Наука: Искусствоведение

Секция: Музыкальное искусство

Скачать книгу(-и): Сборник статей конференции

Библиографическое описание:
Наумов А.В. ИЗ МУЗЫКИ «ВТОРОГО ЮБИЛЕЯ»: ВОКАЛЬНЫЙ ЦИКЛ А.Ф. ГЕДИКЕ НА СТИХИ М.Ю. ЛЕРМОНТОВА (1940) // В мире науки и искусства: вопросы филологии, искусствоведения и культурологии: сб. ст. по матер. XLI междунар. науч.-практ. конф. № 10(41). – Новосибирск: СибАК, 2014.
Проголосовать за статью
Дипломы участников
У данной статьи нет
дипломов

 

ИЗ  МУЗЫКИ  «ВТОРОГО  ЮБИЛЕЯ»:  ВОКАЛЬНЫЙ  ЦИКЛ  А.Ф.  ГЕДИКЕ  НА  СТИХИ  М.Ю.  ЛЕРМОНТОВА  (1940)

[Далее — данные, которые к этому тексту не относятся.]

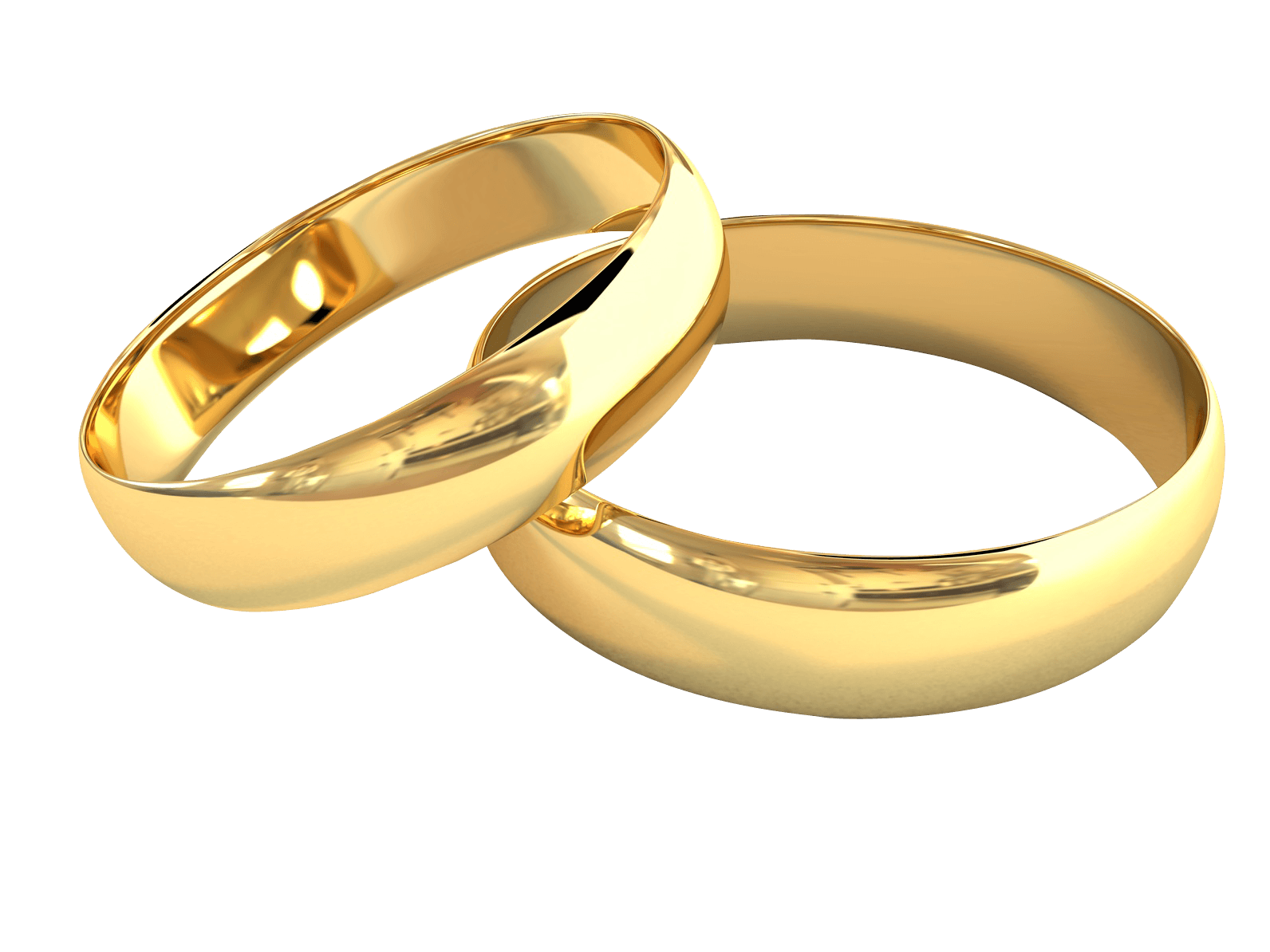 Golden Rings Png Image PNG Image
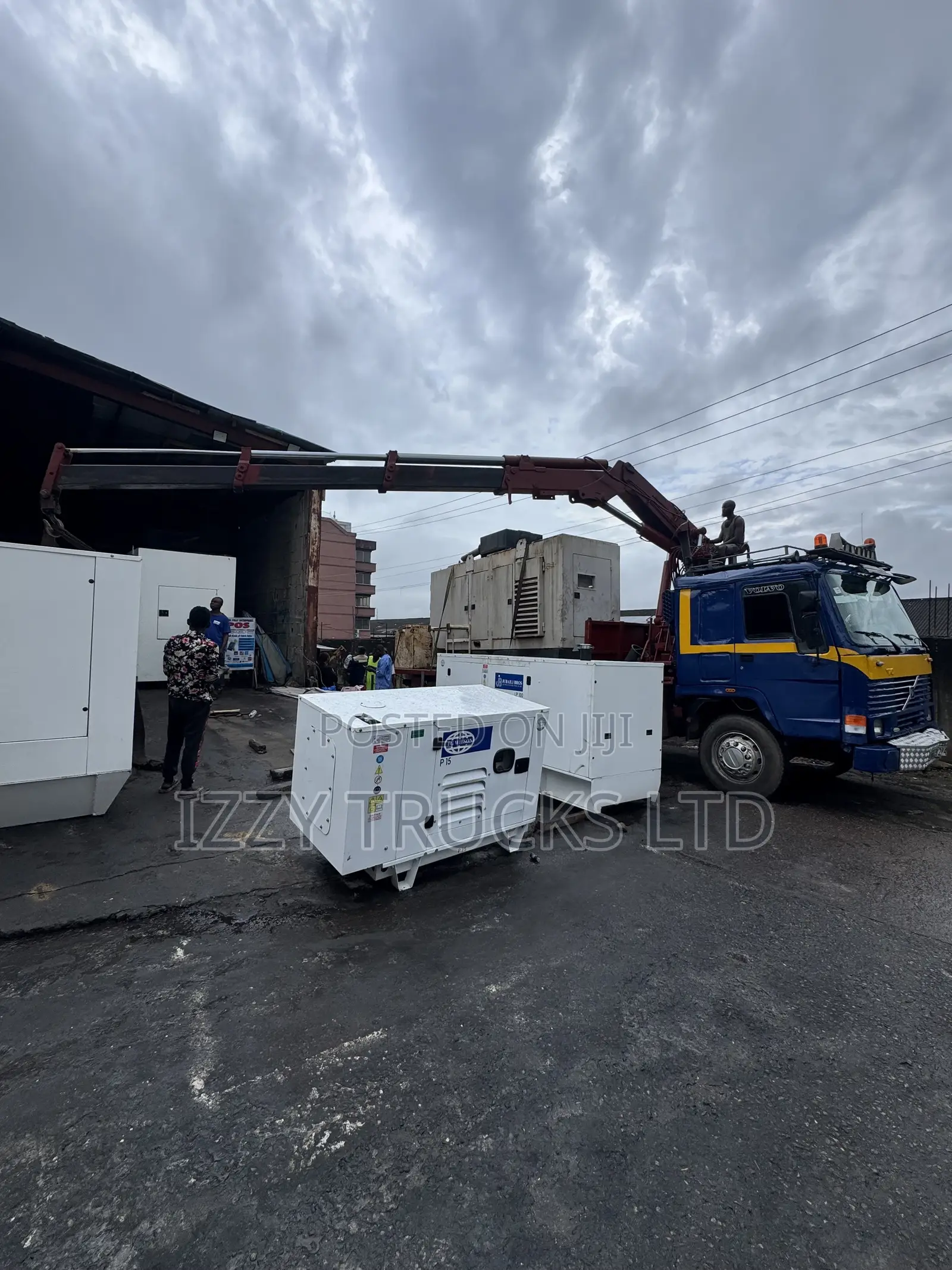 Hiab Available for Rental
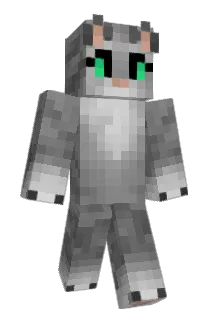 Miausta Minecraft avatar full body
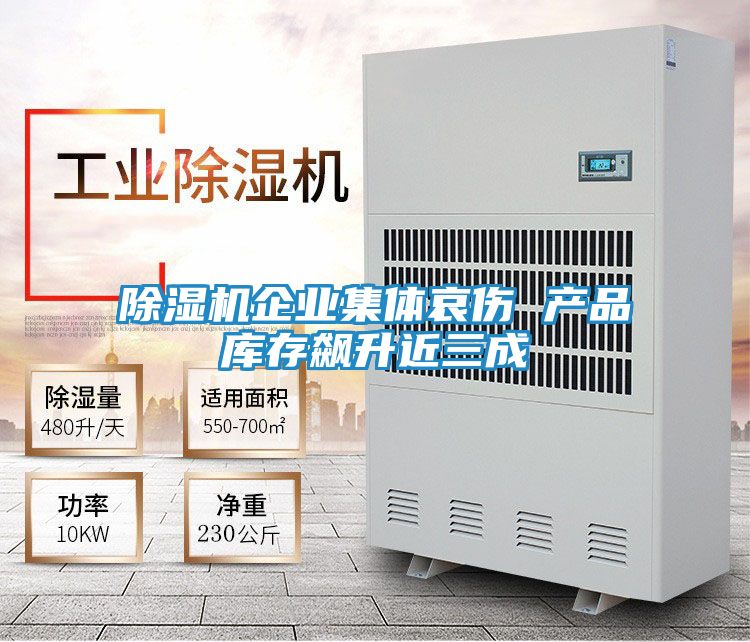 除湿机企业集体哀伤 产品库存飙升近三成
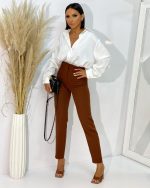 Shelby Cinnamon pencil pantalone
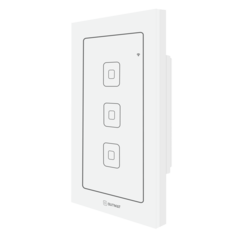 Interruptor Wi-Fi 4x2 - Branco 3 Botões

Наумов  Александр  Владимирович

канд.  иск.,  доцент  Московской  государственной  консерватории  им.  П.И.  Чайковского,  РФ,  г.  Москва

E-mailalvlnaumov@list.ru

 

FROM  THE  “2ND  ANNIVERSARY  MUSIC”  A.  GOEDICKE’S  LERMONTOV  VOCAL  CYCLE  (1940)

Alexandr  Naumov

candidate  of  fine  arts,  associate  professor  of  Moscow  State  conservatory,  Russia,  Moscow

 

АННОТАЦИЯ

Статья  опирается  на  материалы  архива  композитора  А.Ф.  Гедике,  посвящена  введению  в  обиход  малоизвестных  произведений  и  рассмотрению  вопроса  о  «юбилейной»  интерпретации  поэтических  образов  М.Ю.  Лермонтова  в  вокальном  цикле  русского  мастера  старшего  на  1940  г.  поколения  музыкантов  как  общей  тенденции  времени.

ABSTRACT

The  article  is  based  on  the  sources  from  A.  Goedicke’s  archive  and  devoted  to  the  introduction  of  his  unknown  works  into  scientific  use.  Another  question  is  the  “anniversary”  interpretation  tendency  of  Lermontov’s  poetic  shapes  in  the  vocal  cycle  presented  by  one  of  the  eldest  Russian  composers  of  1940th  as  a  spirit  of  the  times.

 

Ключевые  слова:  Лермонтов;  Гедике;  вокальный  цикл;  рукопись, 

Keywords:  Lermontov;  Goedicke;  vocal  cycle;  manuscript

 

М.Ю.  Лермонтову  в  ХХ  веке,  как  известно,  с  юбилеями  «не  везло»:  крайние  даты  недолгой  жизни  поэта  (1814—1841)  словно  бы  провоцировали  политиков  на  кровопролитные  авантюры.  Оба  раза  войны  начинались  так,  что  к  дням,  на  которые  приходились  вначале  100-летие  со  дня  рождения,  а  потом  и  100-летие  со  дня  кончины,  широкой  общественности  делалось  решительно  не  до  празднований,  и  все  культурные  приготовления  шли  насмарку. 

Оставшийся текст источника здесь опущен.